The healthcare industry may not be the most exciting place to invest at first glance. However, it's often these very companies that have businesses primed to weather market and economic storms because of the non-cyclicality of their products and services. 

If you're looking for two superior healthcare stocks to put cash into this month, here are two no-brainer buys to consider building positions in or adding to right now. 

1. DexCom 

DexCom (DXCM -0.24%) is in the process of launching its latest product in both domestic and international markets, the G7 continuous glucose monitoring device. This device is the most upgraded version of its flagship CGM product and has the fastest warm-up time of any such device that has been commercialized to date.

In December, the G7 was given the green light by the Food and Drug Administration for all diabetics aged two and up. DexCom's CGM is the most covered and reimbursed CGM currently on the market, and is now covered for reimbursement by over 97% of private insurers nationwide. 

For all of 2022, DexCom delivered top-line growth of 19%, while its bottom line grew nearly 60% compared to 2021. In total, the healthcare company reported revenue of $3 billion and earnings of $341 million for the 12-month period. It also closed out the year with cash and investments on its balance sheet in the amount of about $2.5 billion. 

Expanding coverage options and the rising prevalence of diabetes worldwide create a massive and growing addressable market opportunity that DexCom is well-positioned to continue deriving strong results from in the years ahead. Bear in mind this is a company that has increased its annual revenue by 140% over the trailing five years alone.

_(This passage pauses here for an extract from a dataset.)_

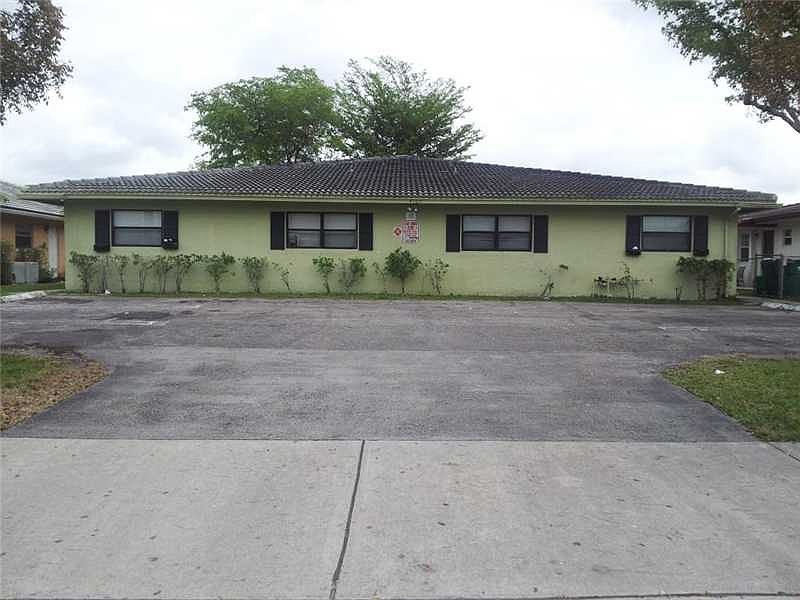 1st image of 4107 NW 78th Ave APT 2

Meanwhile, its stock has delivered a total return of more than 700%. For reference, that is nearly 10 times the return the S&P 500 has delivered in that same period. 

2. Vertex Pharmaceuticals 

Vertex Pharmaceuticals (VRTX 1.25%) is another stock that has rewarded investors with generous returns over the years. Over the trailing five-year period, the stock has delivered a total return in the amount of 94%. The S&P 500's trailing five-year return currently sits right around 74%. 

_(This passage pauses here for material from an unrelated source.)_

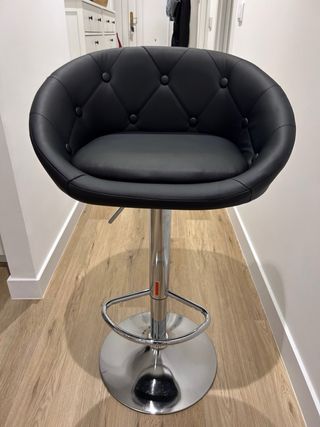 Taburete alto regulable negro y plateado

The company also has a respectable track record of growing revenue and profits. 2022 was a continuation of that trend. Vertex's four approved products (all of which treat cystic fibrosis) brought in a combined revenue of $9 billion, representing a hike of 18% from full-year 2021. Trikafta continues to be the top performer for the company. The drug, which is approved to treat more than 90% of all individuals with cystic fibrosis in the U.S. alone, raked in total product revenue of $7.7 billion for the 12-month period. Vertex Pharmaceuticals also raked in profits of $3.3 billion for the 12-month stretch. 

Meanwhile, management estimates that there are still as many as 20,000 cystic fibrosis patients who could benefit from its products but are not yet taking them. COO Stuart Arbuckle noted in the 2022 earnings call that "the growth in the CF population can be attributed to more patients coming forward to receive treatment, better data capture in patient registries, and perhaps most importantly, people with CF are living longer due to improvements in patient care and the availability of truly effective therapies."

Considering that Vertex Pharmaceuticals is the only company with approved CFTR modulators on the market -- these are drugs that work to correct the underlying cause of cystic fibrosis -- the company is both a direct instigator and a direct beneficiary of these tailwinds. That fact, along with Vertex's robust pipeline, which includes a new rare blood disorder therapy that could be on the cusp of approval, bodes particularly well for the company's growth over the next five to 10 years and well beyond.